I was fortunate enough to grow up in a household where I saw my Mom balancing her checkbook at the end of each month.
Agonizing as she attempted to find that penny that threw off her balance. Although checkbook balancing is a thing of the past for many Americans we still do not fare well when it comes to understanding key financial topics, most people unfortunately fall short. When you get a tax refund, the Internal Revenue Service (IRS) is sending you back money you worked hard to earn over the year. The average tax refund for 2018 in the State of Maryland (combined Federal/State) is $2,771.
If you are fortunate enough to be one of the millions of people to receive a refund the influx of cash can provide a great opportunity to improve your financial situation. Not everyone receives a tax refund. Seventy-one percent of tax filers receive a tax refund, so shy away from blowing the money on something you won’t remember by the time next year’s tax season comes around. Take the money and turn it into an investment in your financial success that will put you and your family on the path to financial freedom. Here are five things to consider when receiving that influx of cash.
Start an Emergency Fund.
Without an emergency fund we are all just one surprise major expense away from debt spiral toward financial disaster. Many experts say that your fund should contain 6-9 months’ worth of savings in an easily accessible interest-bearing account such as online savings or money market account.
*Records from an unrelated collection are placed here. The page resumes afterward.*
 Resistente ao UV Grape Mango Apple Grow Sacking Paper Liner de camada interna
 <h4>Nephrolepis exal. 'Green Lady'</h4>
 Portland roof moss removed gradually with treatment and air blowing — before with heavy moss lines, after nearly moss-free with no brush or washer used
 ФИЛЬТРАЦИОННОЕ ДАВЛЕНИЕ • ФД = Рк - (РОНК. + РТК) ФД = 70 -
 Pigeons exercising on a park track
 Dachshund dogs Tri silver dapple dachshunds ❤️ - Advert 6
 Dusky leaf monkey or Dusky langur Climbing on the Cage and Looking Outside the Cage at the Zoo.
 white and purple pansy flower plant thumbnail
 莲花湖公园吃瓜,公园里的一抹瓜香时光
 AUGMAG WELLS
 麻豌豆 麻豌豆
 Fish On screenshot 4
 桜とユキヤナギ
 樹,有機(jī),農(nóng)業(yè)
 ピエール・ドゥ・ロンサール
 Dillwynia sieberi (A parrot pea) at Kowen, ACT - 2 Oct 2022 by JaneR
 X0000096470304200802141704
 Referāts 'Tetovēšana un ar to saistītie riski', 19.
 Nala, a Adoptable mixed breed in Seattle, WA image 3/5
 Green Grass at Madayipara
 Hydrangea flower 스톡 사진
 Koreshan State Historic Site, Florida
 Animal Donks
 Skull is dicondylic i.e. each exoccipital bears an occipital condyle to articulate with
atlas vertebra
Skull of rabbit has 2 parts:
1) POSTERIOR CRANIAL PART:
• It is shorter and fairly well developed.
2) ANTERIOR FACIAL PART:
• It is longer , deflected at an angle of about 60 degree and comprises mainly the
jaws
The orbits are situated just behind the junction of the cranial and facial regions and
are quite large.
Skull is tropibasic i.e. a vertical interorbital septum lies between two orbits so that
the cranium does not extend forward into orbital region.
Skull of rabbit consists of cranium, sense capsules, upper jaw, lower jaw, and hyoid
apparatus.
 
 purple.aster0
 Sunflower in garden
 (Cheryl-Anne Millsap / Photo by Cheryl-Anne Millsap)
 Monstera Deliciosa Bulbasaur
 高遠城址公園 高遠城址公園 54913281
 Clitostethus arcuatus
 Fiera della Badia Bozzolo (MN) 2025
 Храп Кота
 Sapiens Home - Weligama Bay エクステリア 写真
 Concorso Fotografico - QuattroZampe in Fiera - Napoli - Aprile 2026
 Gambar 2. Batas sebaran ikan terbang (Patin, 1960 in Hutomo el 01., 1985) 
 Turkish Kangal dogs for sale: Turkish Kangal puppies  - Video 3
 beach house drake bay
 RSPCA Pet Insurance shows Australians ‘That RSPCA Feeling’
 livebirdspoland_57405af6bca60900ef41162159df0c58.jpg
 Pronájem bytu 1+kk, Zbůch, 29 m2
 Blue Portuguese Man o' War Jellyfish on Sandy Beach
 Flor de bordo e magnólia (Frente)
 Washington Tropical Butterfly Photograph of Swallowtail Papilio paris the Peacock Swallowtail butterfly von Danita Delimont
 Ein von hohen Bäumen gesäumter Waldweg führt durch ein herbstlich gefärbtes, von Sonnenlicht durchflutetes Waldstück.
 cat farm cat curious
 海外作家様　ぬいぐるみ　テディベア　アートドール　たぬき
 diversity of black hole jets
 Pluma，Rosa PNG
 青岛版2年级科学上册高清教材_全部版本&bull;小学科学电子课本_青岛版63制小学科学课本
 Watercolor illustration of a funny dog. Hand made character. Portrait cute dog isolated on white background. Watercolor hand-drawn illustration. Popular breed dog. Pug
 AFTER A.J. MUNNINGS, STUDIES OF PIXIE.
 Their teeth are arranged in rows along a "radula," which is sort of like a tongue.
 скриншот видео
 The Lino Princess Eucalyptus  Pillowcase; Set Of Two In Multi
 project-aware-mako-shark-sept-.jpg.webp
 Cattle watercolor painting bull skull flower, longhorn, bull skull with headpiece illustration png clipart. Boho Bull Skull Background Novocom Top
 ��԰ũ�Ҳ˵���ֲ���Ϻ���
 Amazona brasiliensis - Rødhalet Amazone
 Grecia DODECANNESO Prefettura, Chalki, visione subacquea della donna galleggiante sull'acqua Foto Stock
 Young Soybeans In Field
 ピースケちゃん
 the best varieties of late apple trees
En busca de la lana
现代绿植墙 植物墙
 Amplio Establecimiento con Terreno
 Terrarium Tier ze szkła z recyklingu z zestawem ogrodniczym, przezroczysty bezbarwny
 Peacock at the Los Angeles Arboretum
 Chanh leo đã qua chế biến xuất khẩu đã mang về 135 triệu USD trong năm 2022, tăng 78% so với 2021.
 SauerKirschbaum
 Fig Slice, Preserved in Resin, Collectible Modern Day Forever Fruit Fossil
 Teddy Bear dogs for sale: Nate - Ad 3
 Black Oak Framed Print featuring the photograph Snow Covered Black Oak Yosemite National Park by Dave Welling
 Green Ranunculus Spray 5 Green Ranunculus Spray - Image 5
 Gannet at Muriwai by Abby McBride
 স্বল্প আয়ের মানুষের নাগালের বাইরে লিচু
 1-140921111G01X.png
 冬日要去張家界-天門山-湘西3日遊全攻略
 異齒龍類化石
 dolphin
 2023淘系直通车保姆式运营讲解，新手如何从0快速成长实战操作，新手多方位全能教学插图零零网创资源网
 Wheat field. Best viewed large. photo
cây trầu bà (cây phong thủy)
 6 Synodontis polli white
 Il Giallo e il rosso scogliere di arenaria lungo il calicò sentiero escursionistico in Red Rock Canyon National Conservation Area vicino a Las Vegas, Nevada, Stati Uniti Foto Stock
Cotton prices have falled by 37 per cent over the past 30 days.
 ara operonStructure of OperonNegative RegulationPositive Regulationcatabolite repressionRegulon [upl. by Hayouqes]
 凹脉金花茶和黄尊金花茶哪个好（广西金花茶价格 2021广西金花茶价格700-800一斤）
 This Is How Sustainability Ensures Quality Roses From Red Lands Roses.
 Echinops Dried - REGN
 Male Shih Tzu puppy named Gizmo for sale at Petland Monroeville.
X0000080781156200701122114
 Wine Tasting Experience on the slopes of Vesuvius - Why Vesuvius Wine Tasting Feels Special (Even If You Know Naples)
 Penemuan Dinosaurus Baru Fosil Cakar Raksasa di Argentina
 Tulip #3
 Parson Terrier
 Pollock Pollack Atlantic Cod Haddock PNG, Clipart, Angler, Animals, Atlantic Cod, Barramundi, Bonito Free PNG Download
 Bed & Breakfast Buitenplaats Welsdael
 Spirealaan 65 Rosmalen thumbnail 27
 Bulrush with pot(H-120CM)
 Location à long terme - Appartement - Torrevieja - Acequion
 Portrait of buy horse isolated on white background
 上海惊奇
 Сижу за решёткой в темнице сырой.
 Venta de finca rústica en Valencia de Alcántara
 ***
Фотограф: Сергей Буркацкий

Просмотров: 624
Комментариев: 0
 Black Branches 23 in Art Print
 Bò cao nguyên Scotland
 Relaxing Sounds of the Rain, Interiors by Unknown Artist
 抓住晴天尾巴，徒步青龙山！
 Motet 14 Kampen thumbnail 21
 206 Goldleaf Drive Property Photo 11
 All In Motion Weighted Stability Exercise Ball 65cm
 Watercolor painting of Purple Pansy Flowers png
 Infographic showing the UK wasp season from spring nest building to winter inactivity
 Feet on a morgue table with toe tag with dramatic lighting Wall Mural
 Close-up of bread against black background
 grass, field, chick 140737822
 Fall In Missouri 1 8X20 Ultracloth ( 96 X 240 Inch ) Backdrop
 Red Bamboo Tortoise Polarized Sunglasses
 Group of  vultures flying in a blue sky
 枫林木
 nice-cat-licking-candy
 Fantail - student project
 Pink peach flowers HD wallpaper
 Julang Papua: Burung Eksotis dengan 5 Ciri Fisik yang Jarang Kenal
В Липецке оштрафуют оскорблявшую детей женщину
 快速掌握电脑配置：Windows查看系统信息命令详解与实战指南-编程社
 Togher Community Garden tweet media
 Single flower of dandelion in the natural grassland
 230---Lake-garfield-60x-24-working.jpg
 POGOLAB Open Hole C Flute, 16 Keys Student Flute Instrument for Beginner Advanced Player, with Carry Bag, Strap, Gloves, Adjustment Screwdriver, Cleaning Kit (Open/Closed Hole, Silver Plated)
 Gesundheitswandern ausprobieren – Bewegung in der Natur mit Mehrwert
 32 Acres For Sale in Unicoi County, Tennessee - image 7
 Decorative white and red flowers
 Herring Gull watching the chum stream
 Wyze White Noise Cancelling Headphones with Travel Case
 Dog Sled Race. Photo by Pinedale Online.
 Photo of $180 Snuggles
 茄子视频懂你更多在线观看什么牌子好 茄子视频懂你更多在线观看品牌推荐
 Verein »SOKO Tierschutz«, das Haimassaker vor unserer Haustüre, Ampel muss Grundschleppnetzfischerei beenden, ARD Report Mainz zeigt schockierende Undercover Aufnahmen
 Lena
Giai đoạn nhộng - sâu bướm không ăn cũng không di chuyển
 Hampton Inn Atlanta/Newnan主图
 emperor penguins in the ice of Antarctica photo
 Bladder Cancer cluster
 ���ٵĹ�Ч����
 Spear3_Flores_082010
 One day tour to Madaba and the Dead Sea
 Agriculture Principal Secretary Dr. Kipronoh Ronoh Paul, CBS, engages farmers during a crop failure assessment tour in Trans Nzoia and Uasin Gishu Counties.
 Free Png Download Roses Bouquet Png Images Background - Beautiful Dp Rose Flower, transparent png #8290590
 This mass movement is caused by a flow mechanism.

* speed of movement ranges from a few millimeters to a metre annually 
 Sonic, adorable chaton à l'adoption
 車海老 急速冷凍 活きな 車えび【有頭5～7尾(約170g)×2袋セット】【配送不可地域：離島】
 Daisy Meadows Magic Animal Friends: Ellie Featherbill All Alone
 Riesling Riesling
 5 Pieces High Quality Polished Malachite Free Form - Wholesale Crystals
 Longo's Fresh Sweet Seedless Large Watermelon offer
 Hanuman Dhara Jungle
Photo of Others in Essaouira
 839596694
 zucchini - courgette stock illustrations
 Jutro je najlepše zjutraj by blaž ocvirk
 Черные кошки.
Rather than taking months or years to fund such account by having small amounts come out of each paycheck the idea of one larger lump sum along with the weekly or biweekly (depending on how you receive your paycheck) deposits can put you on the path to funding your account sooner rather than later.
Pay Off High Interest Debt.
The next best thing to do after establishing an emergency fund is to take that tax return and eliminate high interest debt that many of us carry. The compound interest that we pay on the monthly balance all but guarantees that this issue will be around for future tax seasons if you don’t do something about it now. Put your refund to work by starting or working with a professional to create a debt reduction plan paying off credit cards and debt consolidation/personal loans.
Invest in Your Retirement.
The chances are good that you probably didn’t maximize your tax-advantaged retirement accounts in 2017. Contributing to a 401(k), 403(b), Thrift Savings Plan or an IRA is a great way both get a tax break for 2018 and set yourself up for more secure retirement. If you invested an average of $2,771 refund this year in a tax-advantaged retirement account earning 8% returns, you would have almost $30,000 in 30 years. If you invested your tax return every year over the next 30 years, you would have more than $313,000 of course assuming you received close to the same $2,771 refund between now and retirement.